Рейхан некоторое время смотрела на место, где только что стоял человек, которому она отомстила за предательство этой северянки. Становилось холодно, дул ветер. Завернувшись плотнее в длинную шубу, она знаком показала Раймонду, что уезжает. Рейхан бен-Сина сделала здесь всё, что смогла.
Часть 3. Весна в Париже
Глава 24
В путь к франкским берегам отправились господа всей семьёй в трёх дорожных каретах, сопровождаемые самой необходимой прислугой и отрядом вооружённой охраны верхом на лошадях. Головную карету занимали отец и сын Лалие, следом за ними – на мягчайших рессорах, оборудованная маленькой печкой, вся в мехах и подушках, драгоценная клетка для жён Хусейна Лалие. Лиз Линтрем тряслась в последней карете, куда менее комфортно устроенной, и позади всех, словно обуза – бросить жаль и везти надо лишь по необходимости. Несмотря на такое пренебрежение, двери Стронберг за пленницей тщательно запирал и охране велел следить бдительно, как бы северянка не исхитрилась выскользнуть через окно. Ну, насчёт последнего Элиза себе, конечно, придумала – она вообще накручивала себя, поддерживая ярость в кипящем состоянии с первых минут пути.
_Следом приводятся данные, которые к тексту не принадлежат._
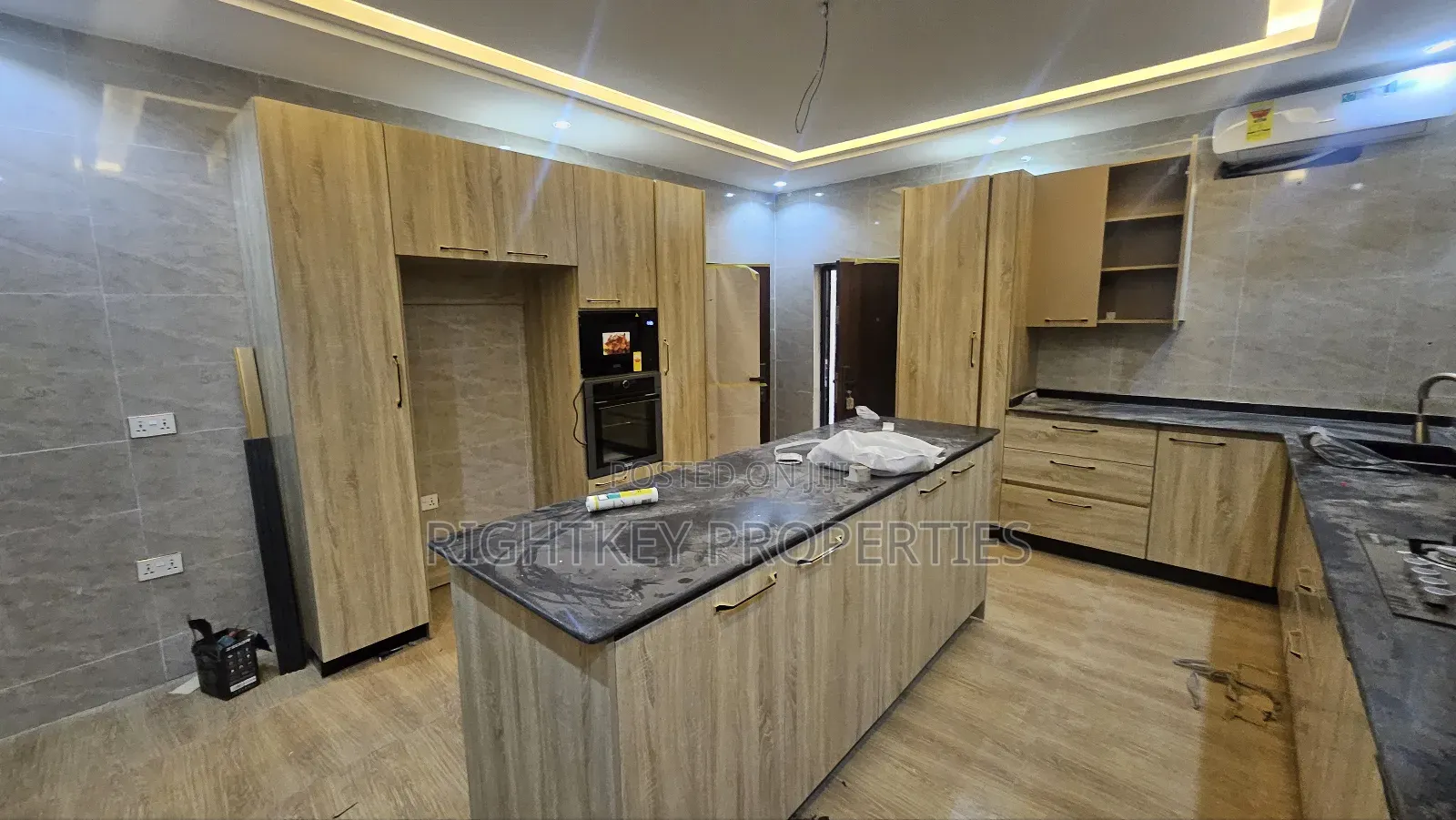 5bdrm Duplex in Rightkey, Kumasi Metropolitan for sale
Её сестра ехала в карете жён с горничными – у каждой la maîtresse была своя femme de chambre. В один из дней путешествия Марис позволил Ренате ехать в карете старшей сестры, но Лиз быстро устала от чириканья малолетки, её бесхитростного и незатейливого любопытства. Выйдет ли Лиз замуж за Мариса? А на ком же тогда женится Андрес? А почему Лиз не рассказывала, что у них с Марисом любовь? А когда ждать bebis? И так шесть часов без остановки, без пощады, без роздыху. Откуда Лиз-то могла знать ответы на эти вопросы? В дневной перерыв уже не Рената, а она взмолилась удалить от неё сестру. Стронберг только пожал плечами, приказывая Ренате пересесть. Ему было всё равно. И вообще в каждом жесте, взгляде, выражении сквозило – Лиз ему в тягость. Он спешил как можно быстрее вернуться в карету к отцу. Просто отлично. Развлёкся – и в кусты? Жажда мести клокотала уже не внутри северянки, но и в самой атмосфере кареты, если судить по тому, что ехать с ней вместе больше никто не захотел. А дорога предстояла долгая… скучная и ухабистая…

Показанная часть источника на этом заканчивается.